Sans autorité, sans gouvernement et donc sans perspective à l’horizon, la Province du Kasaï
Central s’enfonce progressivement dans une crise multi sectorielle sans issue, qui accentue la
souffrance de la population et interpelle le pouvoir central sur le rôle qui est le sien.

La crise est née de la destitution expéditive et par contumace du Gouverneur Martin Kabuya par l’assemblée provinciale, dans un climat délétère aux allures de règlement des comptes. Certes, il y a lieu de reconnaître, par honnêteté intellectuelle, que dans l’exercice de ses
fonctions, le Gouverneur Martin Kabuya n’a pas été parfait. Il a eu ses torts et ses faiblesses et
c’est vrai, comme en a tout être humain. Face aux nombreux défis et sans ressources conséquentes, sa gouvernance n’a pas rencontré les attentes de la population avec laquelle il a
eu par ailleurs des rapports souvent tendus.

Mais dans un État voulu de droit par tous et pour tous, même surpris avec du sang et des cranes de ses victimes sur les mains, le prévenu bénéficie, jusqu’à preuve du contraire, de la
présomption d’innocence et du droit constitutionnel incontestable à la défense. C’est ce principe élémentaire de l’État de droit qui n’a pas été ni respecté ni appliqué dans la procédure de sa destitution, d’où la controverse.

Désigné pour assumer l’intérim, le Vice-Gouverneur Ambroise Kamukuny d’heureuse mémoire a été précipité dans le séjour des morts par l’irréparable fin de vie humaine; laissant
à son tour une province déjà instable dans l’incertitude et sa population dans le désespoir et le
dénuement.

Depuis, plus rien ne va. Sur fond d’extrême pauvreté, les démons de la division refont surface et ne se gênent plus.

Les tensions naissent entre communautés et s’amplifient. L’insécurité
s’intensifie dans toutes les contrées. Le désespoir s’installe pendant que la Province s’enlise. L’administration publique est paralysée. Le gouvernement intérimaire tétanisé et privé des moyens politiques et financiers. L’assemblée provinciale impayée, divisée, dispersée et livrée
à la merci du plus offrant, elle s’est détournée de ses missions constitutionnelles; certains de ses membres ayant préféré retourner à des tâches extraparlementaires à la quête de la survie.

En attendant le dénouement du recours introduit par le Gouverneur déchu à la Cour
constitutionnelle, j’en appelle à l’arbitrage impartial du Président de la République, Garant du
fonctionnement harmonieux des institutions et Magistrat suprême, pour que le droit soit dit au-delà des passions et des pressions des intérêts égoïstes. Seul le Président de la République, rempart institutionnel en temps de crise, peut user de son rôle dans l’intérêt de la paix, de
l’unité et de la concorde d’une province qui l’a massivement élu.

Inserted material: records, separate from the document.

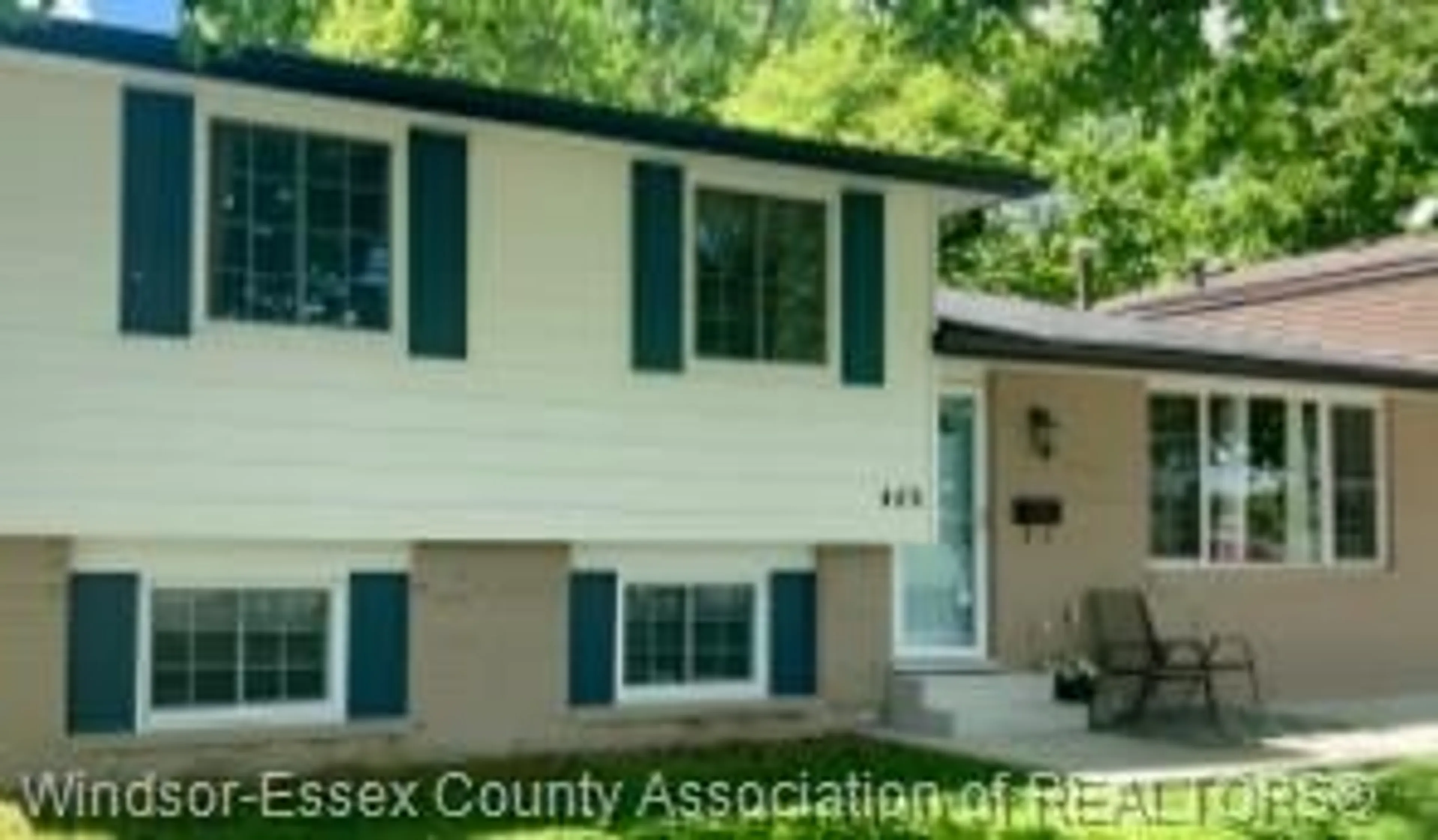 Home with vinyl exterior material, street for 440 FRYER St, Amherstburg Ontario N9V 2M1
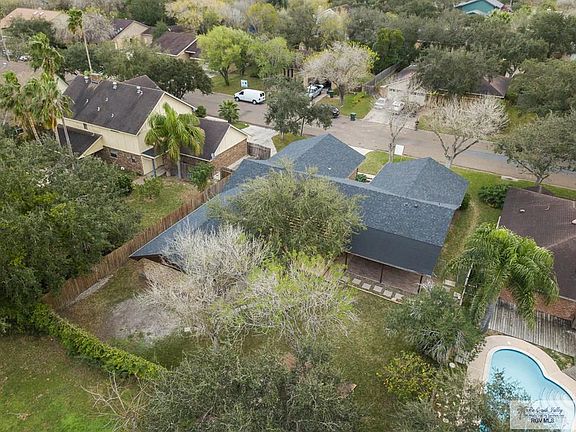 3rd image of 2917 Cypress Dr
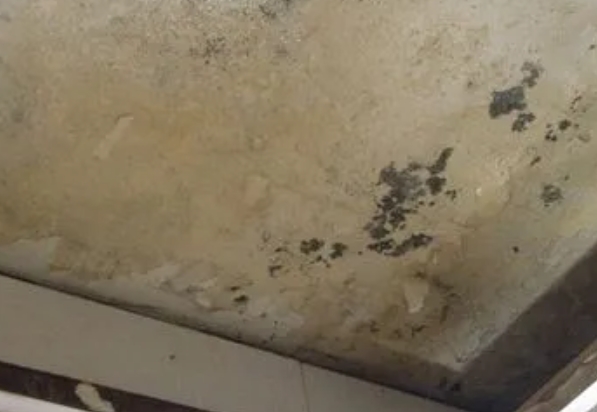 苏州市阳台漏水维修公司分享下苏州市卫生间渗水维修需要注意哪些问题。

En cette période trouble de la vie de la Province du Kasaï Central, je demande
respectueusement au Président de la République d’inscrire la résolution de la crise à l’agenda de ses priorités pour que quelle que soit l’issue du recours précité, qu’aucun camp politique ni groupe sociologique ne crie victoire et qu’aucun autre ne se sente lésé. La stabilité des
institutions provinciales et la cohésion entre peuples ainsi que la mise en priorité des actions de développement vont largement au-delà des positions des personnes et constituent des axes
de choix pour la paix et le développement durables de la province.

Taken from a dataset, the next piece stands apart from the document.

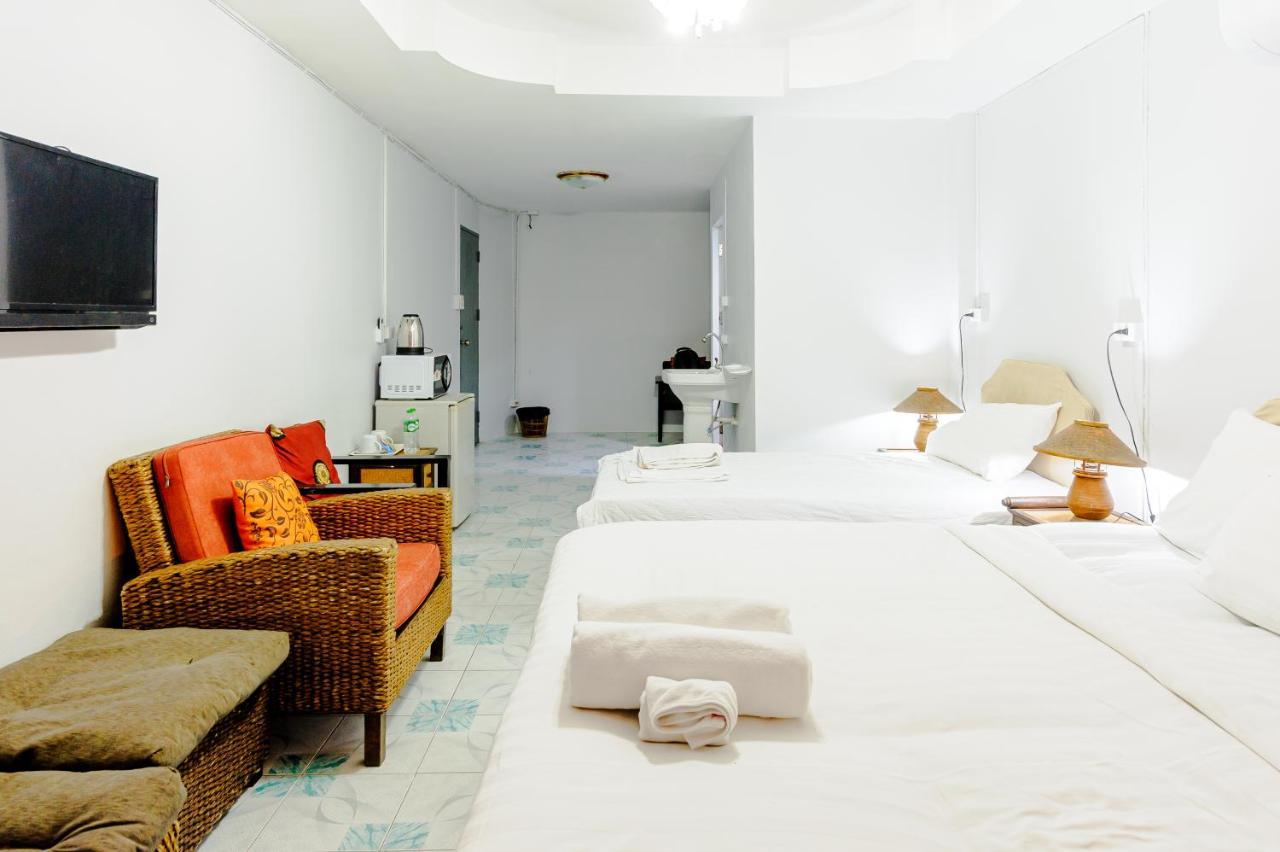 High5 Guesthouse Pattaya Buitenkant foto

Aux forces vives de la Province, aux leaders politiques, sociaux, religieux et culturels, aux
femmes et à la jeunesse, je rappelle à haute voix que notre province est encore fragile, les plaies causées par les violences de 2016-2018 encore fraîches.

Le bon sens recommande à tous d’éviter d’attiser la haine, source de tensions, et de faire preuve du sens élevé de responsabilité
pour préserver notre vivre ensemble au regard des défis à relever.

Ensemble, nous avons
l’obligation d’œuvrer ensemble, sans exclusion, pour mettre notre province à l’abri de l’incertitude et de la précarité. J’y crois fermement et j’y tiens ardemment. L’histoire nous
jugera à cela.

La République tout comme l’engagement politique nous appelle à mettre en avant l’intérêt de la population et à demeurer à son service, loin de nos positions partisanes.

Tel est le sens de mon appel à la raison et la raison d’être de mon interpellation.